→ **Exercise brief**
In your answer, copy every entry that follows exactly.

##########

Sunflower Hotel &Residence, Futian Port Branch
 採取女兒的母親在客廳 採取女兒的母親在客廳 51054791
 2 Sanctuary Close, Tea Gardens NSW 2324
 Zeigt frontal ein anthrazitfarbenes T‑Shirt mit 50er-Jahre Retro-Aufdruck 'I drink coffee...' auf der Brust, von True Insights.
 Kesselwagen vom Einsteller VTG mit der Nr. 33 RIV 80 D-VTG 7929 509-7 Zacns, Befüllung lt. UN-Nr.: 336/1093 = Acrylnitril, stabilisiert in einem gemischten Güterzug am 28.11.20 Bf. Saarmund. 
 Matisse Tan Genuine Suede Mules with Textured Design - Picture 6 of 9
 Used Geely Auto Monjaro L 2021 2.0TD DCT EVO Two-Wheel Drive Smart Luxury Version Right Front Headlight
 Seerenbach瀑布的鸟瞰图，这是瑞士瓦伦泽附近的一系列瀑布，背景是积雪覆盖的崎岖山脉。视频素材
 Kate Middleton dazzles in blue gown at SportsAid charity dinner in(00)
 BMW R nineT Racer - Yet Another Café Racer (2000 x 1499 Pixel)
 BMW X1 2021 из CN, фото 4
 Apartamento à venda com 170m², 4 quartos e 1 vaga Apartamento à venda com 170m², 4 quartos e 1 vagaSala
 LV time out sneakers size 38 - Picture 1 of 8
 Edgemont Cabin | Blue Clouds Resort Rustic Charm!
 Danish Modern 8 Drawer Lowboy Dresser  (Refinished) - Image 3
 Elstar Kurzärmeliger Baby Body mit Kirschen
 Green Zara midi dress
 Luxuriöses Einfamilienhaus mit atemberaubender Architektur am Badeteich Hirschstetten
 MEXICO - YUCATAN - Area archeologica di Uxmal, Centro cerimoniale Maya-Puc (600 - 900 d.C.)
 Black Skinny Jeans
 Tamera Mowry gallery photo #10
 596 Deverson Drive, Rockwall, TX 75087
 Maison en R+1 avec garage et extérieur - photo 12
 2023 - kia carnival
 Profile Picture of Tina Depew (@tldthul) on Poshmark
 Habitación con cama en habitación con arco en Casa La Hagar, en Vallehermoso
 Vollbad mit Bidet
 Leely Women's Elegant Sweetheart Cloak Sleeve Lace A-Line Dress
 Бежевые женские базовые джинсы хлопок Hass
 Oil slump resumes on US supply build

##########

→ **Your solution**
Sunflower Hotel &Residence, Futian Port Branch
 採取女兒的母親在客廳 採取女兒的母親在客廳 51054791
 2 Sanctuary Close, Tea Gardens NSW 2324
 Zeigt frontal ein anthrazitfarbenes T‑Shirt mit 50er-Jahre Retro-Aufdruck 'I drink coffee...' auf der Brust, von True Insights.
 Kesselwagen vom Einsteller VTG mit der Nr. 33 RIV 80 D-VTG 7929 509-7 Zacns, Befüllung lt. UN-Nr.: 336/1093 = Acrylnitril, stabilisiert in einem gemischten Güterzug am 28.11.20 Bf. Saarmund. 
 Matisse Tan Genuine Suede Mules with Textured Design - Picture 6 of 9
 Used Geely Auto Monjaro L 2021 2.0TD DCT EVO Two-Wheel Drive Smart Luxury Version Right Front Headlight
 Seerenbach瀑布的鸟瞰图，这是瑞士瓦伦泽附近的一系列瀑布，背景是积雪覆盖的崎岖山脉。视频素材
 Kate Middleton dazzles in blue gown at SportsAid charity dinner in(00)
 BMW R nineT Racer - Yet Another Café Racer (2000 x 1499 Pixel)
 BMW X1 2021 из CN, фото 4
 Apartamento à venda com 170m², 4 quartos e 1 vaga Apartamento à venda com 170m², 4 quartos e 1 vagaSala
 LV time out sneakers size 38 - Picture 1 of 8
 Edgemont Cabin | Blue Clouds Resort Rustic Charm!
 Danish Modern 8 Drawer Lowboy Dresser  (Refinished) - Image 3
 Elstar Kurzärmeliger Baby Body mit Kirschen
 Green Zara midi dress
 Luxuriöses Einfamilienhaus mit atemberaubender Architektur am Badeteich Hirschstetten
 MEXICO - YUCATAN - Area archeologica di Uxmal, Centro cerimoniale Maya-Puc (600 - 900 d.C.)
 Black Skinny Jeans
 Tamera Mowry gallery photo #10
 596 Deverson Drive, Rockwall, TX 75087
 Maison en R+1 avec garage et extérieur - photo 12
 2023 - kia carnival
 Profile Picture of Tina Depew (@tldthul) on Poshmark
 Habitación con cama en habitación con arco en Casa La Hagar, en Vallehermoso
 Vollbad mit Bidet
 Leely Women's Elegant Sweetheart Cloak Sleeve Lace A-Line Dress
 Бежевые женские базовые джинсы хлопок Hass
 Oil slump resumes on US supply build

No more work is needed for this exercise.